I want to write more about this. Because I know as easy as it is for me to tell her this, I'm still convinced I'll be the happiest person in the world once I lose 50lbs or publish a book. The mirage has moved.
I want to write about my dear young friend who said to me, innocently and without judgement, “You could’ve been something!” as she listened to my CD from when I was 20. Maybe, I say to her. Maybe not. Sometimes it all feels so random. But then I realize I’m inching closer to my mid-30s, the novelty of fresh-faced 30 a few years behind me now. We live in a culture that celebrates youth, perhaps to a fault. Because I know a whole slew of 20-somethings who walk around panic-stricken as if the clock of success is ticking for them. As if the tipping point is 30 and after that, well, you could’ve been something. But now you aren’t. You won’t be. It’s ending.

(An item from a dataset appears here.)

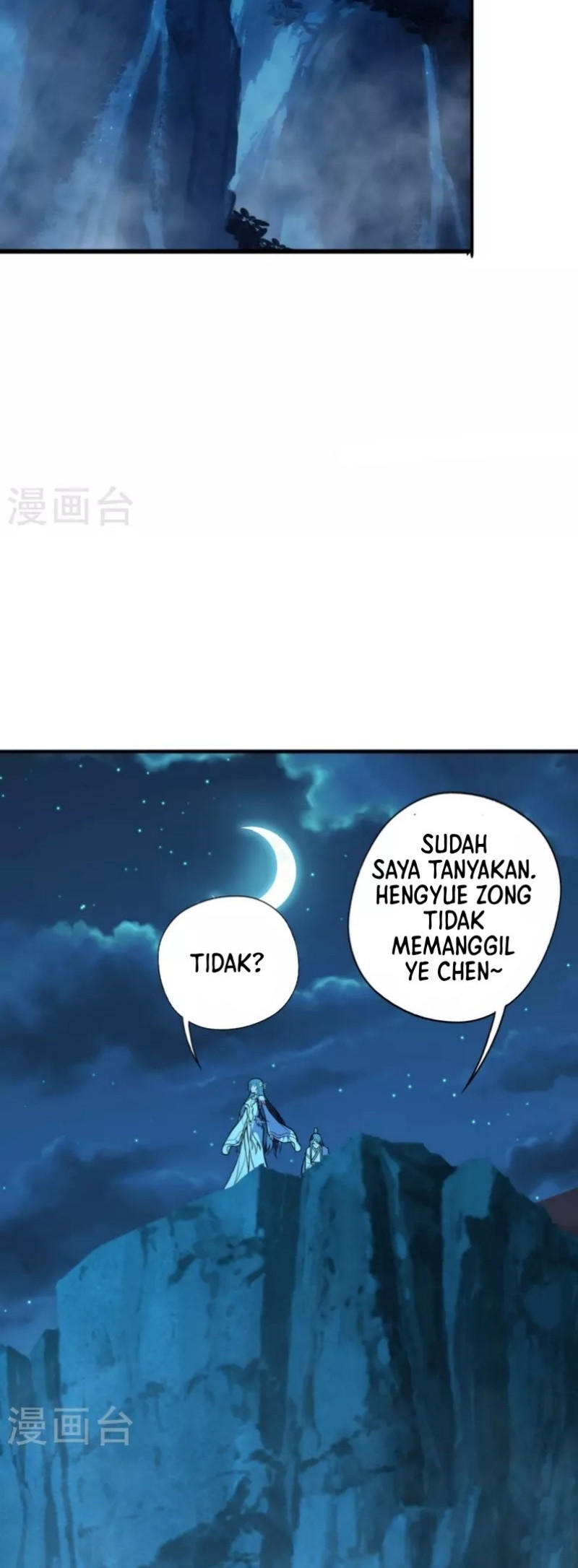 Xianwu Dizun Chapter 193 Gambar 25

I want to write about all of the changes. The moving. The marriage. The decision to homeschool. The radio silence on my memoir that is now collecting dust.

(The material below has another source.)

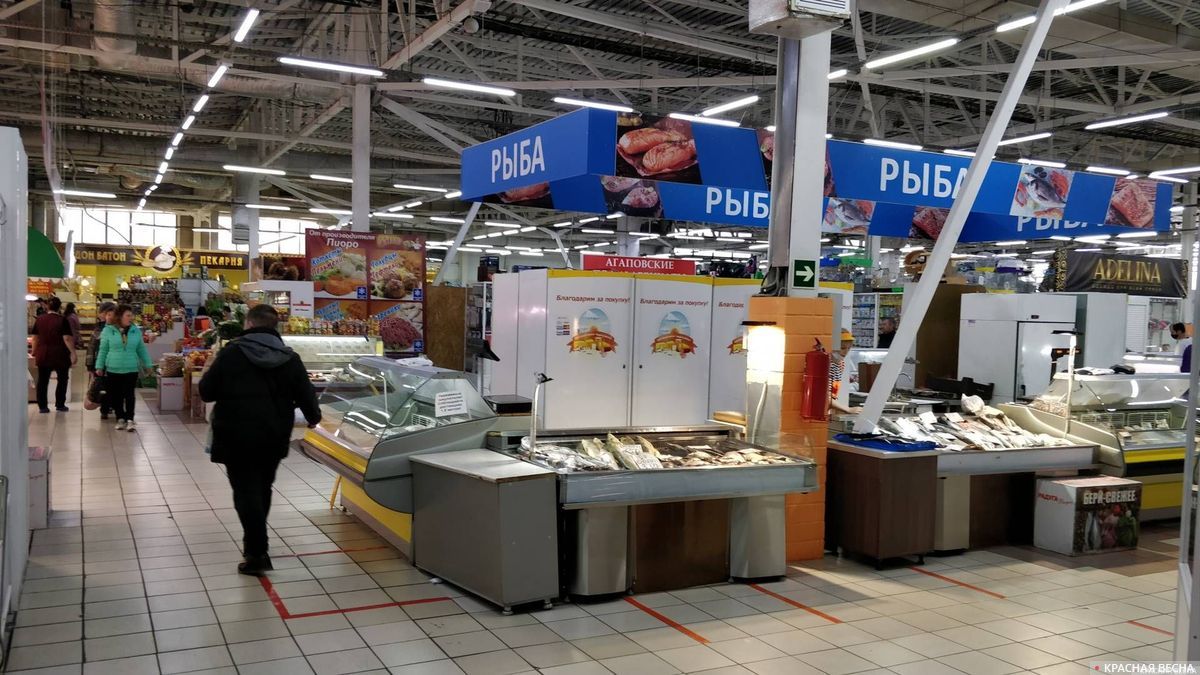 ТЦ «Радуга вкуса» в Магнитогорске 11 апреля 2020 г.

I want to write about the neighbors we’ve met. The faces we’ve nodded at. The strangers kissing pennies and throwing them into wishing wells.
But my daughter comes into the room to ask what "The sleeping fox catches no poultry" means. This brief moment of lifting my head away from the screen is enough to pull me out of the writing world. I am not disciplined enough to hold my breath and come up for air. Each conversation, each noise, person pulls me out of the water and when I come back I’m swatting at waves that don’t make sense.
Once upon a time I felt prolific. Then I started typing.
Being a writer is a strange disease. The desire to write is never gone. The words with which to do it are. Until the right afternoon light strikes my desk, its slanted rays falling across letters to be mailed and insurance cards in a small pile, and somehow I feel the chair begging me to come sit. We have made it through a morning of homeschooling. Volcanos drying with plaster of Paris on the dining room table, minds full of stories about Leif Ericson and “Vinland” and “Thor” and short proverbs to teach both spelling and manners. A half-eaten apple pie sits under foil on the table top, the dog is napping at my feet, and I have this moment, right here.
I want to write, and this fall, I have every intention of spilling out words again here. Words of incomplete thought and of a faith that is being worked out. Words of a woman who is still finding her place and also finding her nearly-mid-30s to be a place of a little more ease. A little less “What will they think?” and a little more "I can't really worry about that." Words breathed at 5 am over tea, during autumn afternoons and those few brief minutes in the evening when I can hide here after the day has swelled.
"I'm going to cut the fox out," she says, startling me out of my words. "And glue it. And then cut the other words out. And glue those too."
"Great plan!" Time to step out of the afternoon light. It will return tomorrow, as will I.